Elizabeth Pridgen, the Atlanta Chamber Players’ artistic director and pianist, first performed with Cárdenes in the very early years of the McDuffie Center for Strings at Mercer University down in Macon, thanks to a visit there by the Diaz String Trio. In the years since, Cárdenes and Pridgen crossed paths again at music festivals, last performing together in 2015 at the Highlands-Cashiers Chamber Music Festival, where they joined forces with Emory University’s Vega Quartet to perform Ernest Chausson’s Concerto for Violin, Piano and String Quartet. The performance inspired them all to record an album that included that work, plus Cárdenes and Pridgen playing the Violin Sonata of Gabriel Fauré — a recording to be released on the Artek Recordings label in early 2018. It’s only natural that Pridgen would call upon Cárdenes to appear with Atlanta Chamber Players.
Cárdenes and Pridgen opened Tuesday’s program with “Five Melodies” by Sergei Prokofiev, a rather lyrical excursion, and no wonder: Prokofiev originally wrote the pieces as vocalises for Ukrainian soprano Nina Koshetz in 1920, as “Five Songs without Words,” two years after he fled the October Revolution and came to the United States for a while to try to secure a professional foothold in this country as a composer and pianist. In 1925 Prokofiev reworked these exquisite miniatures, idiomatically adapting them for violin and piano, with the violin part incorporating such characteristic nonvocal techniques as double stops, pizzicati and harmonics, and a range far beyond the capacity of a human voice.

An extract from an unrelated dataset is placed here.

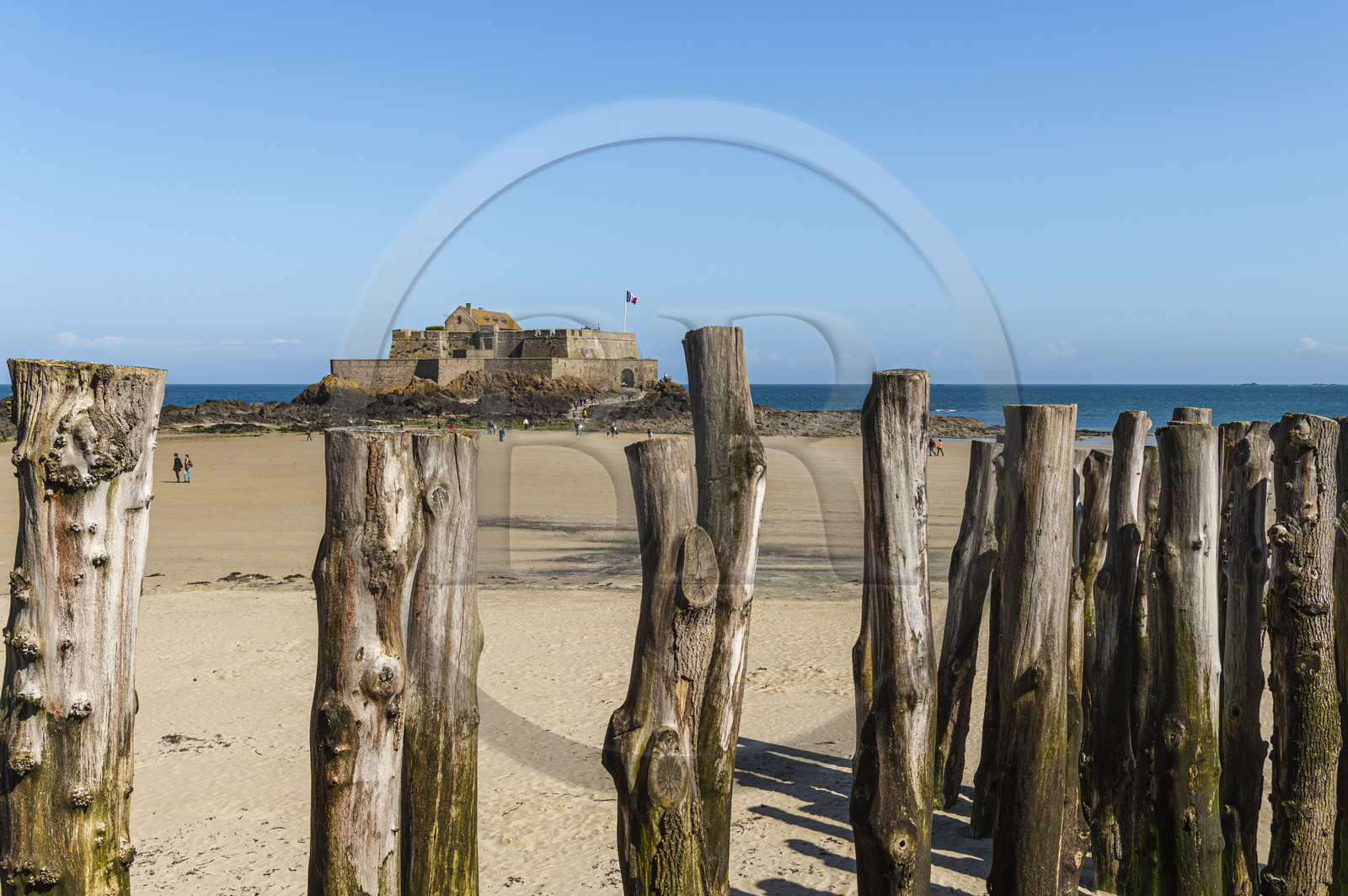 France, Ille et Vilaine, Cote d'Emeraude (Emerald Coast), Saint Malo, Fort National designed by Vauban and built by Siméon Garangeau from 1689 to 1693, Eventail beach at low tide with its wooden breakwaters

Even so, it is their lyrical, vocal quality that predominates throughout, and Cárdenes played to that dynamic with a lovely, liquid tone that focused on its attractive detail and intimate musical qualities, with Pridgen’s piano supporting that well. Indeed they could have taken the familiar path and chosen a boisterous work with which to raise the curtain, but took the high road instead.

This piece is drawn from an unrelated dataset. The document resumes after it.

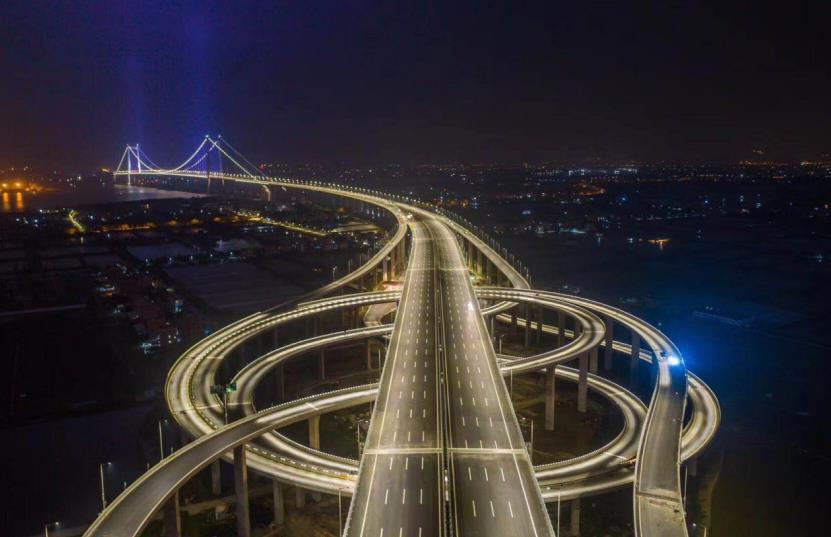 智慧路燈,道路照明,LED路燈,助力城市（shì）,多維場景升級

A more rambunctious tone came soon enough, a contrasting work by Prokofiev. His “Quintet” was scored for an oddly mixed instrumentation, and skillfully performed by the musicians assembled to play it: oboist Elizabeth Tiscione, clarinetist Alcides Rodriguez, violinist Helen Hwaya Kim, violist Catherine Lynn and bassist Daniel Tosky. The piece is both circusy in demeanor and on the farther extreme of Prokofiev’s stylistic range with clashing harmonies and often irrepressibly irregular meters and rhythms.
The circus-like feeling is intentional, as the music was originally intended for a ballet entitled Trapeze. But the financially strapped dance troupe that commissioned it and could only afford to hire five musicians to play it found Prokofiev’s score difficult to dance to. He reworked most of the music into a concert piece, this “Quintet,” retaining the unusual grouping of instruments that the dance company had at hand — which makes for peculiarly unhomogenized sonority, giving the music a rather rough-and-tumble kind of quirky playfulness and pithy humor that one might find among a traveling troupe of acrobats, jugglers, clowns and entertainers.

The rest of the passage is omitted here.